***** Records provided

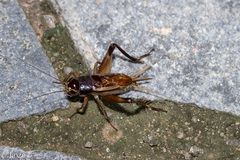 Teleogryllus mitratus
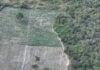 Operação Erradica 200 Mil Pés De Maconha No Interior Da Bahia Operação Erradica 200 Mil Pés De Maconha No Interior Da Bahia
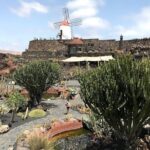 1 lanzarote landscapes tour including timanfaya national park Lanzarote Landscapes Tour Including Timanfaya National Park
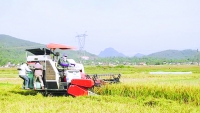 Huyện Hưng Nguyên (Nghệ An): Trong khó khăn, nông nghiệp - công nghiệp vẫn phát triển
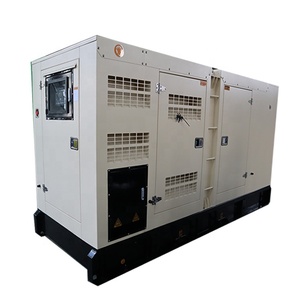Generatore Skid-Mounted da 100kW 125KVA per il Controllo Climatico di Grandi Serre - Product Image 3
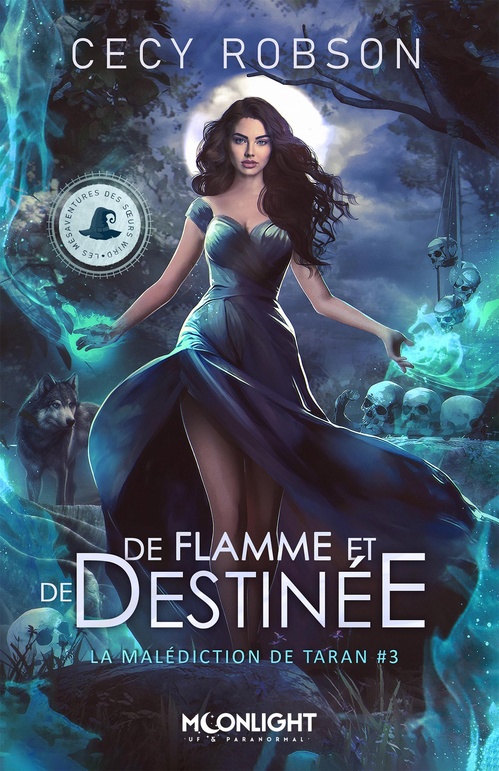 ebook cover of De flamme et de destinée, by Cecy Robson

**********
***** Records provided

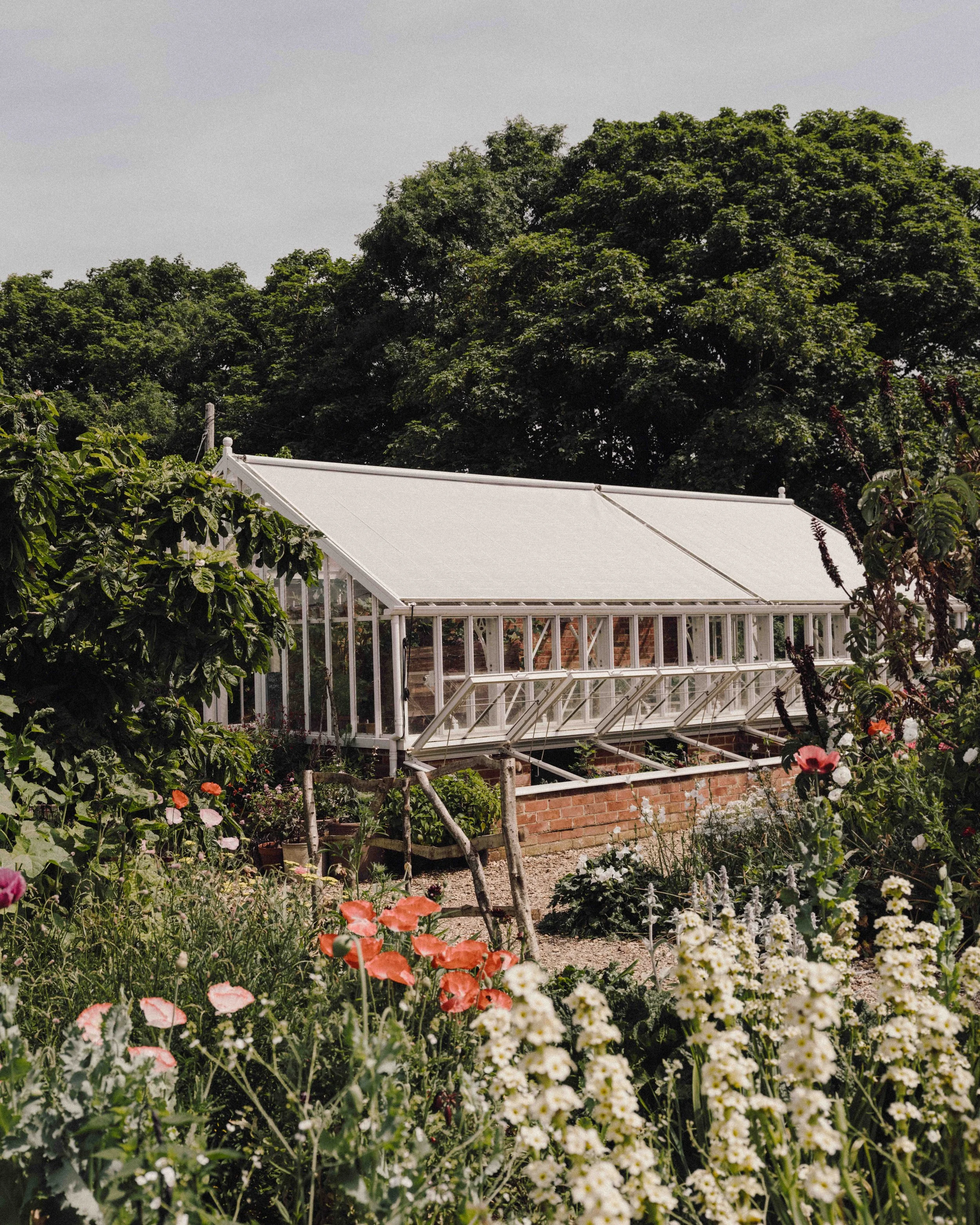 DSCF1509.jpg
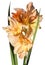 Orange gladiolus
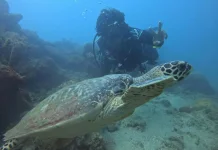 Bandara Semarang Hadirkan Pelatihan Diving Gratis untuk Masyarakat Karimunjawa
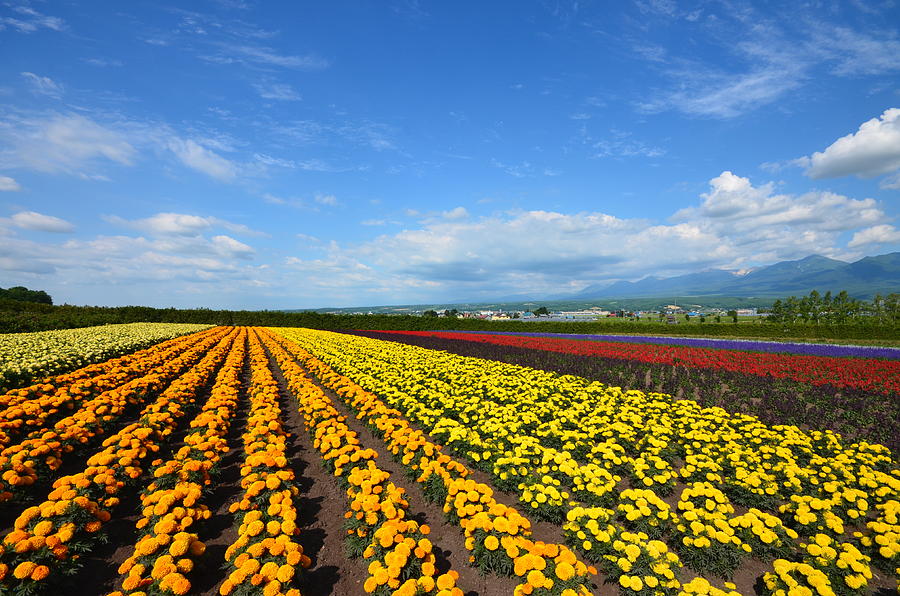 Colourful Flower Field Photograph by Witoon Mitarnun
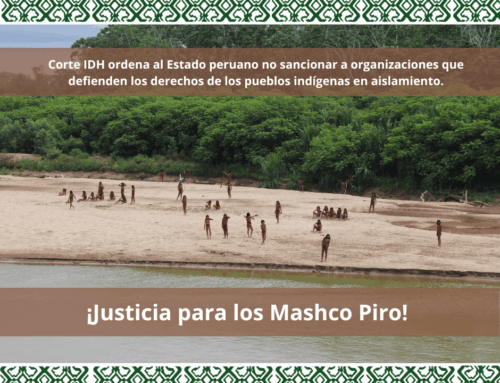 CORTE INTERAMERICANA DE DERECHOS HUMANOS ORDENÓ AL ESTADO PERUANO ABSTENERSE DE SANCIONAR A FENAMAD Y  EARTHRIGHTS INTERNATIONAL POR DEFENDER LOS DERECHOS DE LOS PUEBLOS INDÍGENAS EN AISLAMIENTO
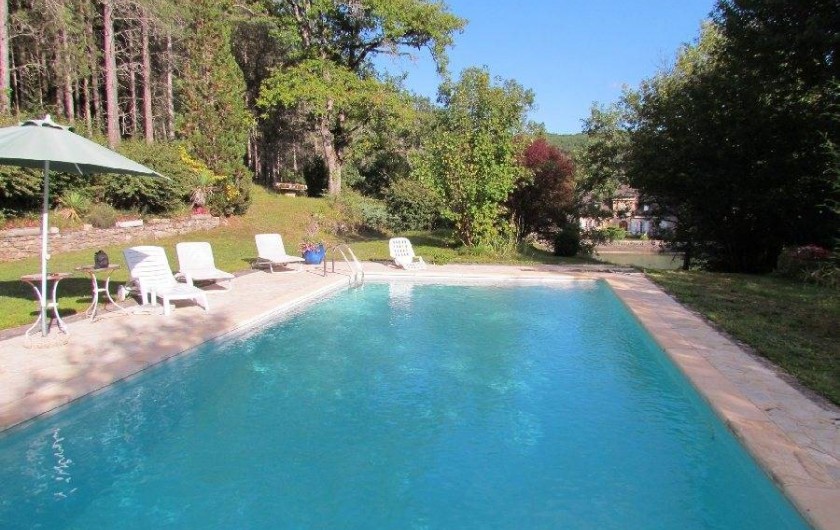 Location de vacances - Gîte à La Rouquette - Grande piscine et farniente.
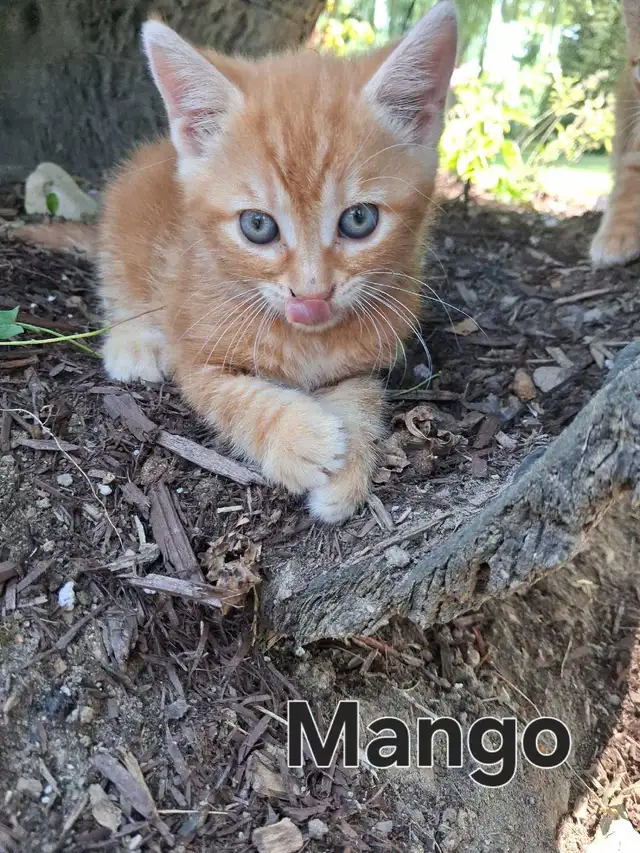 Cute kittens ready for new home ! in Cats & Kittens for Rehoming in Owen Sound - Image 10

**********

Transcribe, from the material above, the stretch starting at the line with "Teleogryllus mitratus" and ending at the line with "Generatore Skid-Mounted da", both included, exactly. Do not carry over pictures.

Answer box:
 Teleogryllus mitratus
 Operação Erradica 200 Mil Pés De Maconha No Interior Da Bahia Operação Erradica 200 Mil Pés De Maconha No Interior Da Bahia
 1 lanzarote landscapes tour including timanfaya national park Lanzarote Landscapes Tour Including Timanfaya National Park
 Huyện Hưng Nguyên (Nghệ An): Trong khó khăn, nông nghiệp - công nghiệp vẫn phát triển
Generatore Skid-Mounted da 100kW 125KVA per il Controllo Climatico di Grandi Serre - Product Image 3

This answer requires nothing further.